**Problem to work on**
Starting at the line below that contains "Rigid Locking Posture" and ending at the line that contains "Disney Tshirt Vneck", retype each line exactly as it stands, but omit the pictures.

**Dataset extract**
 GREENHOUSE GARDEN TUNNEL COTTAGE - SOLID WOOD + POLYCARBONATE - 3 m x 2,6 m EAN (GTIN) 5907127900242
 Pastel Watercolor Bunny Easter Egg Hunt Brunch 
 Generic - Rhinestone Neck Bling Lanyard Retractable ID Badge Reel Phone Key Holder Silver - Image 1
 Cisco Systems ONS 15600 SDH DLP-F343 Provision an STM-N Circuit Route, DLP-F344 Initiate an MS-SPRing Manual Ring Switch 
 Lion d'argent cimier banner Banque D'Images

* * *

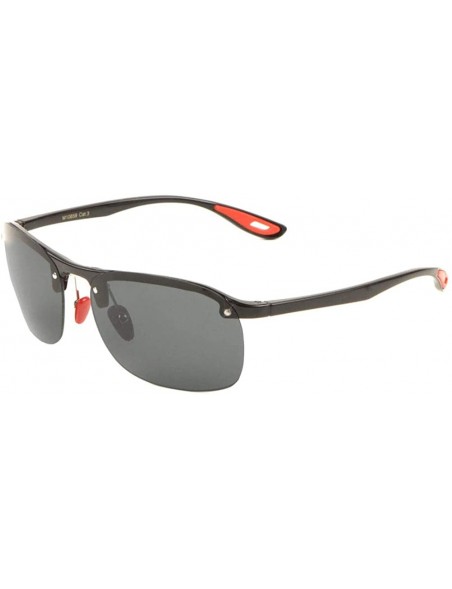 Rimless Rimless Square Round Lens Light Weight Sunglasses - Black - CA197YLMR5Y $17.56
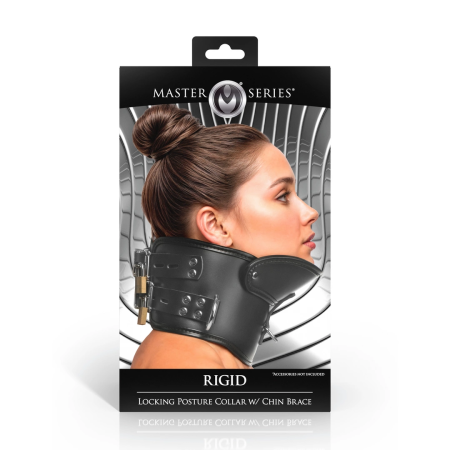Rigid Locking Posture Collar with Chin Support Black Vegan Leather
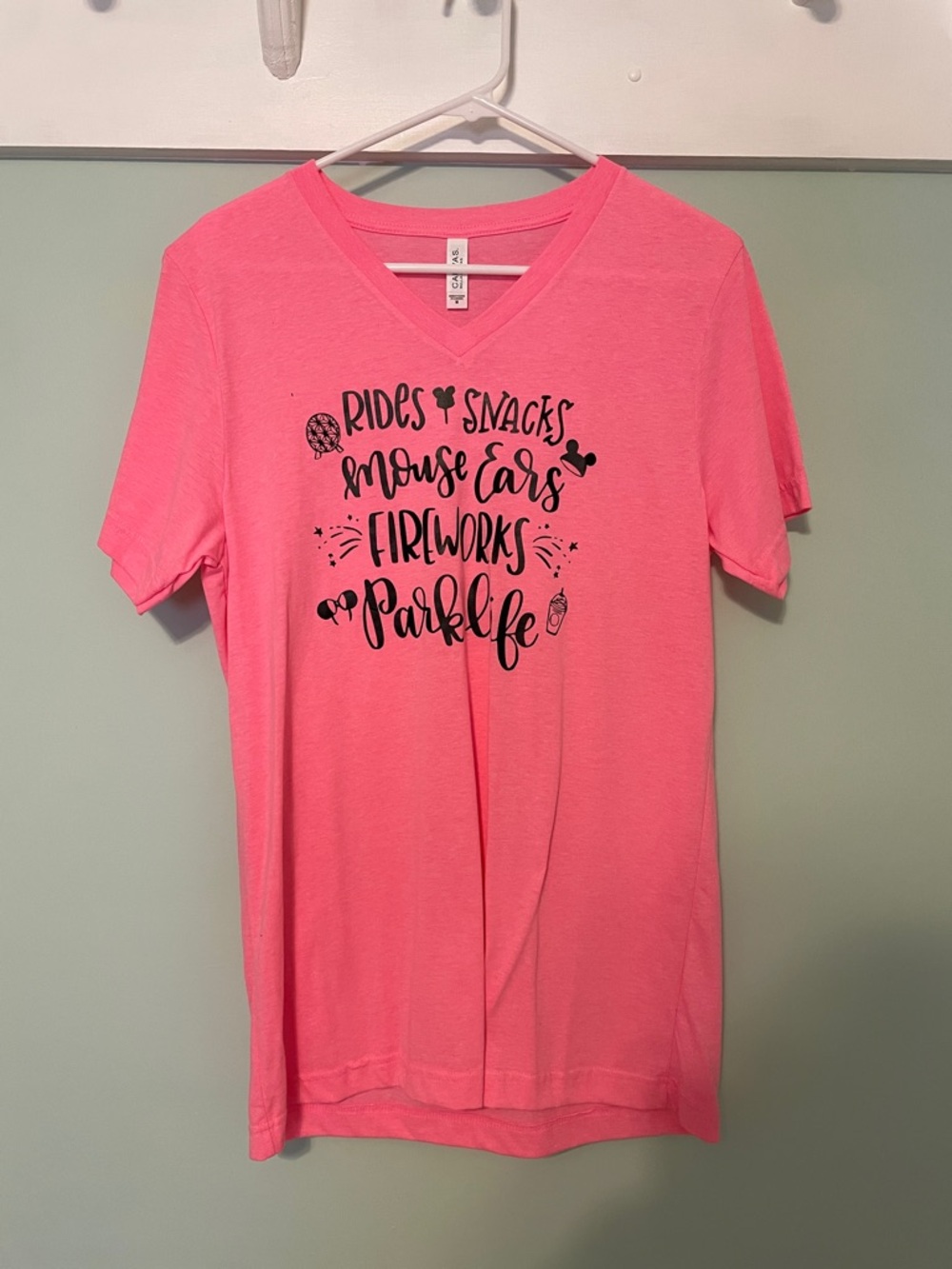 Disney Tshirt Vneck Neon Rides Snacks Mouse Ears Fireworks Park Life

...

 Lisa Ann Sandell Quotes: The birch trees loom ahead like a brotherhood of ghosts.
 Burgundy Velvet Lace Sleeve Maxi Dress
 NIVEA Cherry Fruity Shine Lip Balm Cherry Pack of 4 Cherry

**Written answer**
Rigid Locking Posture Collar with Chin Support Black Vegan Leather
 Disney Tshirt Vneck Neon Rides Snacks Mouse Ears Fireworks Park Life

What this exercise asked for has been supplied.